Nur noch wenige Tage Zeit für RB Leipzig, hier jetzt noch zuzuschlagen!

Leipzig - Am Dienstagabend ist RB Leipzig beim FC St. Pauli zum Nachholspiel in der Bundesliga zu Gast (20.30 Uhr/Sky). Die nächsten drei Punkte sollen eingefahren werden, um wieder auf einen Champions-League-Platz zu springen. Während sich die Mannschaft in den letzten Zügen vorbereitet, hat Sportboss Marcel Schäfer (41) alle Hände voll zu tun.

Innenverteidiger Abdoul Kone (20, l.) von Stade Reims soll wohl weit oben auf der Transfer-Liste von RB Leipzig stehen.
Innenverteidiger Abdoul Kone (20, l.) von Stade Reims soll wohl weit oben auf der Transfer-Liste von RB Leipzig stehen.  © FRANCOIS NASCIMBENI / AFP

Nicht nur, dass in diesem Winter Timo Werner (29), der kurz vor einem Wechsel zu den San José Earthquakes steht, unbedingt noch von der Gehaltsliste soll.

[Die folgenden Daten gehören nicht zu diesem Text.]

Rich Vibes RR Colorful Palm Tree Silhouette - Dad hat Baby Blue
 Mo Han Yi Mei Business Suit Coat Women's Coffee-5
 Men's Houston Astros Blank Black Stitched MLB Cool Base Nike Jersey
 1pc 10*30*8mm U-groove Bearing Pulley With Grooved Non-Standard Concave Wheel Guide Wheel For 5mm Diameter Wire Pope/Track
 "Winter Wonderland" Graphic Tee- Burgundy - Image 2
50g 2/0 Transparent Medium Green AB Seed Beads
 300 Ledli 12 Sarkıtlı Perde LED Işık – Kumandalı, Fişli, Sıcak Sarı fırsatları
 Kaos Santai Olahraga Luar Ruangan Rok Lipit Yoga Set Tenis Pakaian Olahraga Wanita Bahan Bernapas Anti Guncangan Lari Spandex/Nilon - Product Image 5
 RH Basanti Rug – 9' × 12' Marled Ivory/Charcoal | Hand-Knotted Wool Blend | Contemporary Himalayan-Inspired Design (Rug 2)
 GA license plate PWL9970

Neben den ausstehenden Vertragsverlängerungen mit Xaver Schlager (28) und Peter Gulacsi (35) sollen vielleicht auch noch ein paar Neuzugänge eingetütet werden.

Trainer Ole Werner (37) wurde dahingehend auf der Pressekonferenz vor dem Pauli-Spiel ungewohnt spezifisch. "Wir schauen uns da um während des Transferfensters, so wie wir das immer tun, ob es Gelegenheiten gibt, uns als Mannschaft weiter zu verstärken. Bis zum letzten Tag."

Überraschende Transfer-Wende bei RB Leipzig?
RB Leipzig Überraschende Transfer-Wende bei RB Leipzig?

Gerade der bittere Langzeitausfall von Assan Ouedraogo (19) bis mindestens Ende März könnte die Sachsen zum Handeln zwingen. Sollte zudem mit Schlager keine Einigung erzielt werden, ist auch auf der Position Bedarf.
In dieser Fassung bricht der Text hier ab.